Unfortunately, transformers can deliver only AC signals since the core flux must be reset each half cycle.
If you let it relax to remanence (or more likely, a little bit below that, because if the node is left "floating", circuit capacitance will hold up the voltage a little while longer), then you're only using half the flux capacity of the core.
If that's enough, there's no problem.
Tim
The important part is you must wait until enough negative flux has been delivered, before starting another cycle. This causes the positive duty cycle to be limited by the negative peak voltage limit.
Failure to do so will cause the flux to ratchet upwards, until the core saturates, and you'll run out of drive voltage (and draw short-circuit current from the driver) at an inconvenient moment.
Would'nt the regular cores be optimized for as low remanance as possible, I mean I don't know the exact values but would the Brem be like under 10% of Bsat... and I am still trying understand your point...
what you are trying to say is that the entire range of flux in the core is from -Bsat to +Bsat so if I'm using from 0 to +Bsat I'm using only 50% of the flux capacity of the core and lower than 50% if lets say Brem is 10% then I would actually using 40% of the total flux capacity, is this right?

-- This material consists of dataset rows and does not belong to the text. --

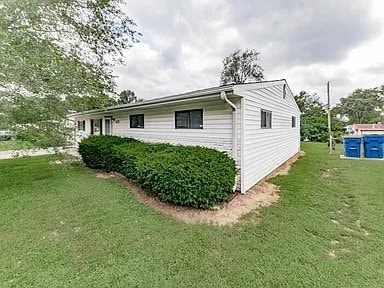 Photo - 9522 Trefore Ave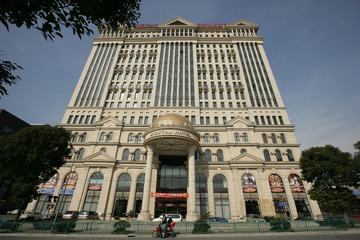 212007
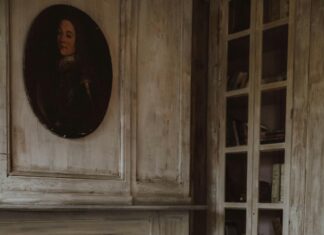 Intercontinental Perth: Discover Luxurious Comfort and Unique Charm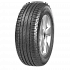 Шина Ikon Character Aqua SUV (Nordman S2 SUV) 225/70 R16 103T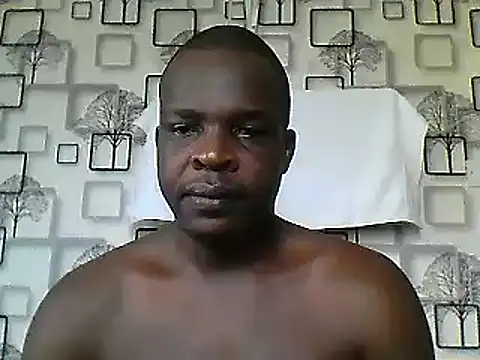Snapshot of Chumba_001 chatting on 02/22/25, 04:51 Chumba 001 online show from 02/22/25, 04:51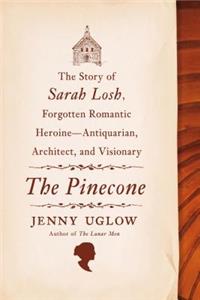 Pinecone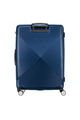 VOLANT SPINNER 75/28 EXP  hi-res | Samsonite
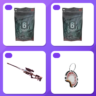 Rainbow Six Siege Twitch bundle — 51 Esports Packs (53 items )
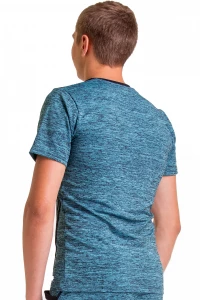 Футболка чоловіча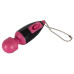 Вибратор-брелок Key Ring Vibe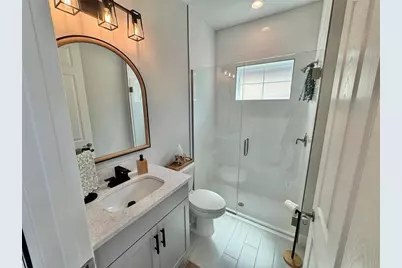13027 Homestead Lane, Parrish, FL 34219 - Photo 25
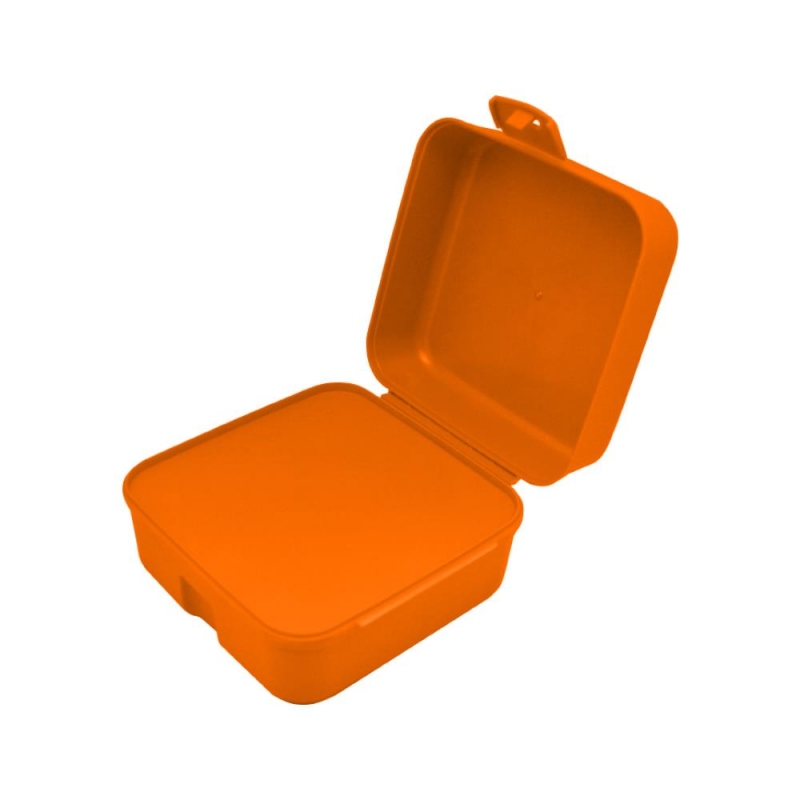 Φαγητοδοχείο Hot wheels 14x14x8εκ. Φαγητοδοχείο Hot wheels 14x14x8εκ.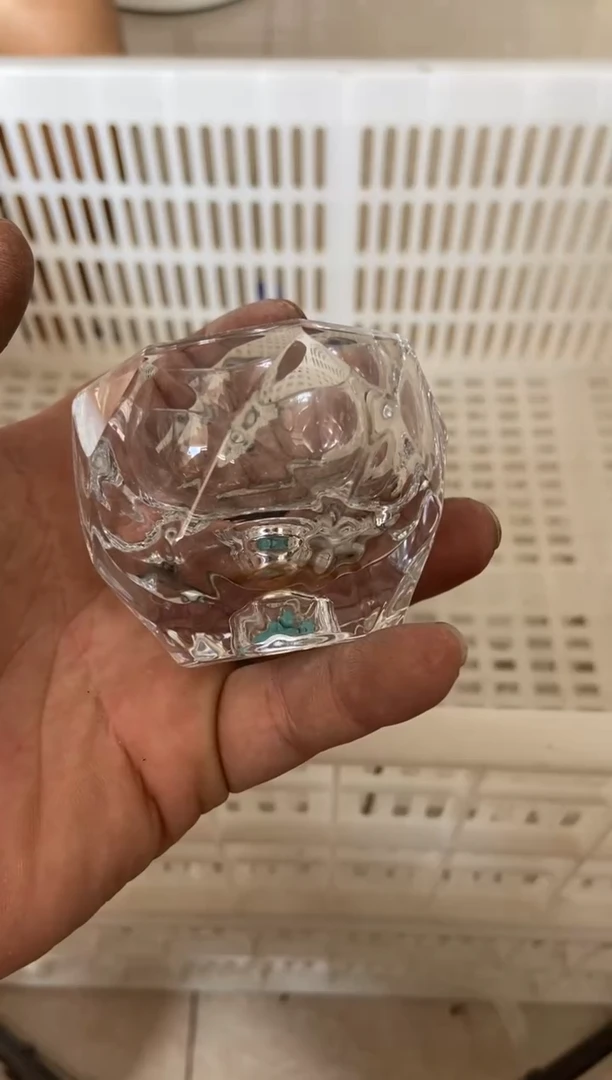 杯无运费险有瑕疵的摄影的产品有使用过的痕迹有点脏介意勿拍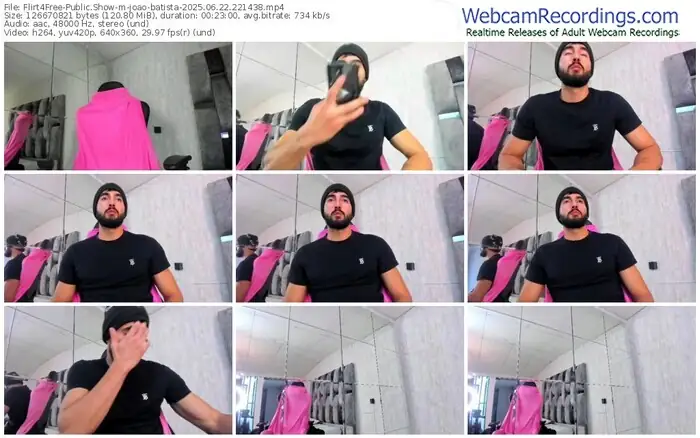 flirt4free-joao-batista-06-22-2025-22-14-38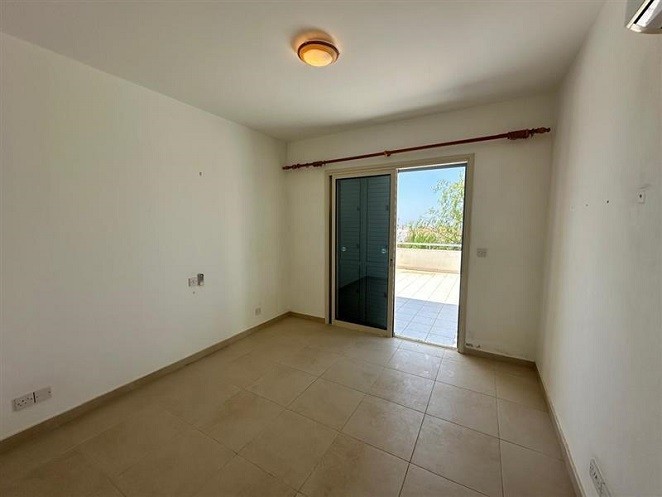 Appartement à Paphos, Chypre, 84 m² - image 3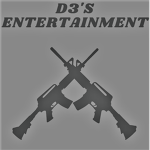 D3's Entertainment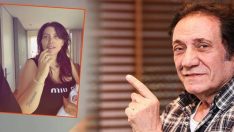 Wanda Nara makyajsız haliyle alay konusu oldu! “İzzet Altınmeşe’nin kadın versiyonu”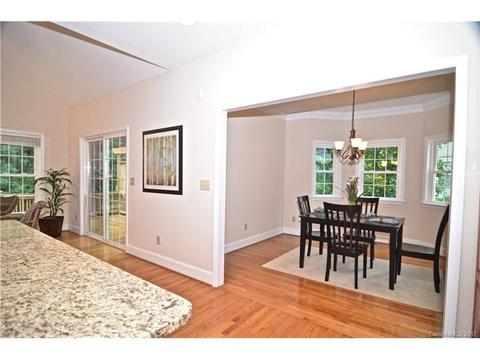 19238 Dutch Iris Ln, Cornelius, NC 28031 photo 9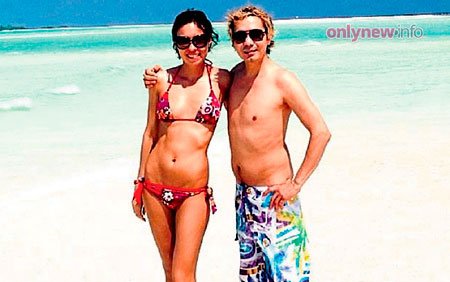 Олег Яковлев откровенно рассказал о жизни после «Иванушек»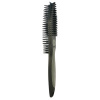 Meguiar's Hair & Fibre Removal Brush - detailingový kartáč na odstranění vlasů a chlupů SLEVA 6%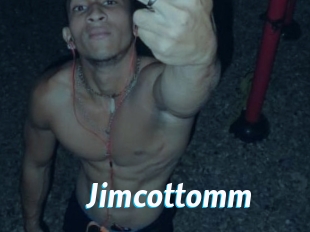 Jimcottomm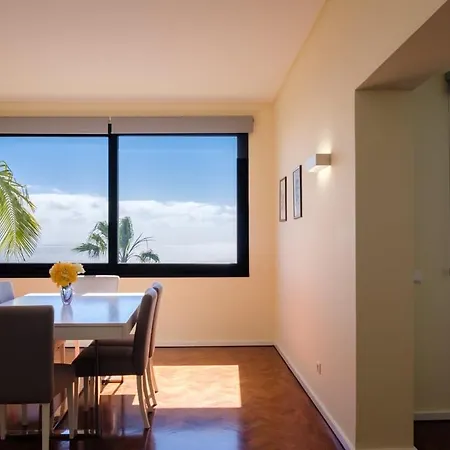 Guestready - Sunny Retreat *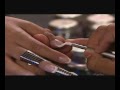 OPI - Axxium - Pink & White Refacing - Part 2 - Distributed by Nazih Group مجموعة نزيه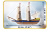 PILGRIN  SHIP  MAYFLOW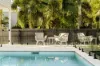 96 Swan Street, Gordon Park, Qld 4031-Image
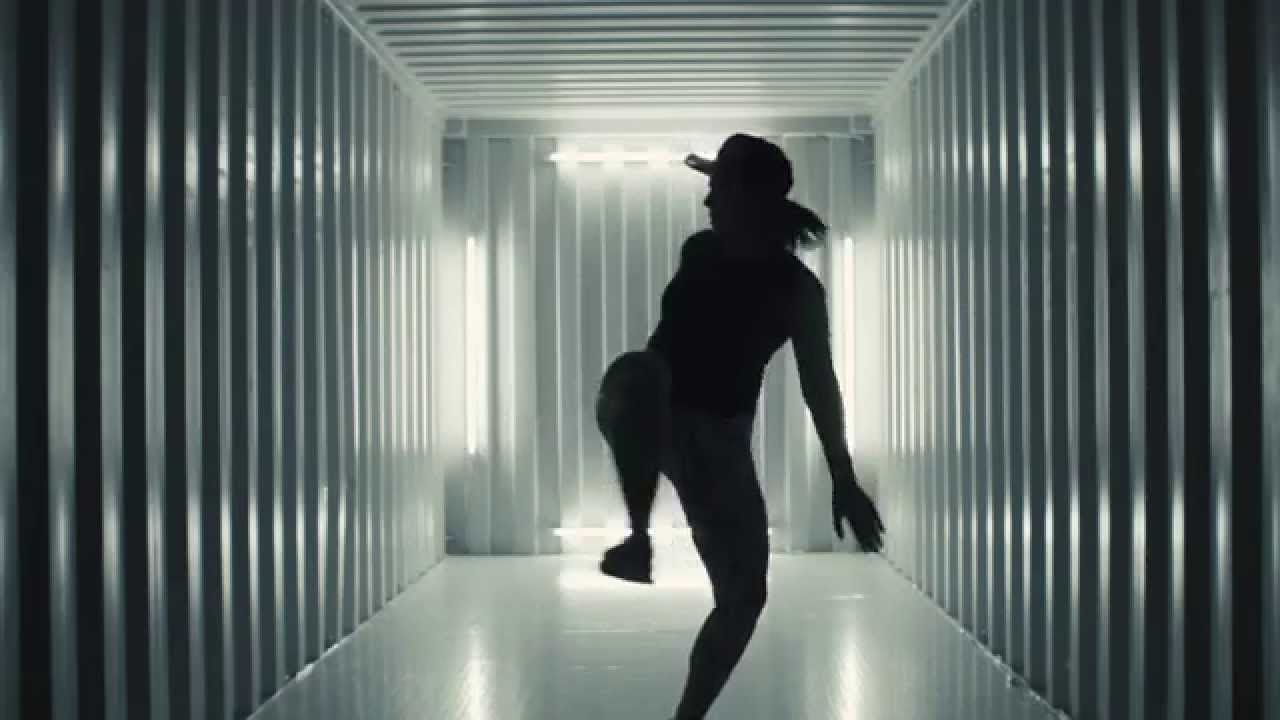 Busy Signal - Bou yah choreo // Pamela Palombo //Dancehall Uruguay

On another note if a core has a saturating flux density Bmax of 1T does it mean it can go from +0.5T to -0.5T on the BH curve or is it actually +1T to -1T?, because if its the latter then I would be using the fully flux density of the core from 0 to 1T right?
I fail to understand why the flux would continue to build up towards saturation when the current is cycling from 0 to max should'nt the flux follow the current every cycle and also move between 0 to +Bmax or +Brem to +Bmax ?
Not current -- voltage. You're driving it with a constant voltage driver (usually).
If the source impedance is changing (i.e., a switch that turns off, and no diode or switch turns on to 'catch' it), then current will decay to zero, and flux with it (well, towards remanence of course).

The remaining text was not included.